2009W


3.5.2009


Arts 102 UCSB


Multi-Layer Composite Project





Amanda Appel
This image was created by using an image of neurons to create a mask, and then using the mask to cut out a section from a new image with a predetermined composition. All of the images used were chosen because of their direct or indirect association with the nervous system or thought process that once addressed creates a much more complex image.


Cameron Boulton
In an homage to Baldessari's cutout mask pieces, I have created two symbol-based works. We are symbolic creatures by nature, searching for patterns as a means to bring order to our surrounding chaos. Symbols are like images in the sense that seek to represent--not so much an experience, but perhaps an idea or a concept. Just as the images I have chosen as the backgrounds for my pieces have very definite historical presences and modern connotations, the symbols I have paired them with provided the experiential trigger that brought me to use the images.

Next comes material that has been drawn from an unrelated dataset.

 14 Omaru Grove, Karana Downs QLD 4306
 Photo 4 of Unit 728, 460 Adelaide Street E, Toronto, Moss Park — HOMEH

In other words, as I was searching for images the peace symbol brought to mind, almost immediately the image of Tiananmen Square which I first saw on the cover of a magazine (I think TIME?) when I was young. The hammer & the sickle immediately makes me think communism, red, USSR, Russia, Stalin, the Cold War, etc. I thought the power of symbol and the image combined would produce an interesting mental pairing and subsequently I tried to compose them in an interesting way as to reach some blurry middle ground of being able to identify the underlying images but also struggling a little in doing so.


Kim Bui
In an attempt to create a Baldessarian-type work, I've created a set of 5 images consisting of 1 original mask of a man on lawn, riding a treadmill-style bicycle and 4 successive masks. By juxtaposing the machismo and nonsensical aspects of the original image against the following 4, I've attempted to contradict the base mask with images of femininity and childhood. By using images of a carousel, candy hearts, sunflowers, and a teacup, I imagined that these simple pleasures of a typical young girl are an oxymoron to the lifestyle of today's mindless entertainment as seen on reality television to the likes of Johnny Knoxville and Bam Margera.


MC
This project stemmed from an image of young kids in IV, which always throws me when I see it. For a place that is so uncensored, it seems unnatural for kids to be here. Following that idea, I remembered a story about a man who roamed the streets of IV recently, looking in the windows of houses and taking pictures of girls for his own pleasure. Voyeurism is a subject that comes up often in the art world, which I realize, but this is an expression of that subject that I hadn't explored before. In imagery depicting pedophilia, whether it be motion picture or still images, the perspective is often that of the "predator." By cutting the image of the children playing in the park into the shape of a man lurking in the shadows, I took something completely innocent and turned it into an amber alert warning advertisement. I like the controversy when it is executed creatively. Also, to emphasize the non-rectangular shape of the image and to give it some dimention, I added a drop shadow behind the cut-out.


Christopher Faderan
The first image is titled Hope, indicative of the hope that President Obama has brought the American people. The image is outlined by angel wings, while in the the main theme is of a man looking up at Obama's image. This image was madewith simple quick masking techniques.


Paulo Fong
For this particular mask I took an outline of colorful drops in mid-splash with a liquid, and made that my base layer. I then took another existing image of a rocket being launched and felt that the rocket's visual information fit well within the perimeter of the splash mask. The decision of using these shapes and objects is purely to question the idea of boundaries and layer masks in art as well as eliminating the standard rectangle with image manipulating.


Melissa Hebeler
To create this image, I used the shapes of sea animals to embody images of zoo animals to juxtapose the two types of creatures.


Carmel Mays
Walking and standing became a theme last weekend and so that was incorporated into the project. I cut out the image of a high-heel shoe which is the shape where the two other images are placed. An image of baby's feet, that were being held in a hand, were cut out; a sepia like tone was added and the new image was positioned where the feet are normally located. Another image of Marilyn Monroe was sharpen and lightened, bands of red added to her high heels and to the right earring. The heel of the shape was painted red to match the other red in the images and to help move the eye through the composition.


Jana Sepulveda
I wanted a really complex shape to be the base so that I would be able to make interesting compostitions. I chose the rose because it's easily recognizable and because it had a lot of empty space in between. I tried to use the shape for some images you kind of associate a rose with and some that you don't. I tried to keep the center of the rose as the focus for the images and that determined where I placed the images. I also tried to cut the photos a little abstractly so that you really have to look in order to see what it is.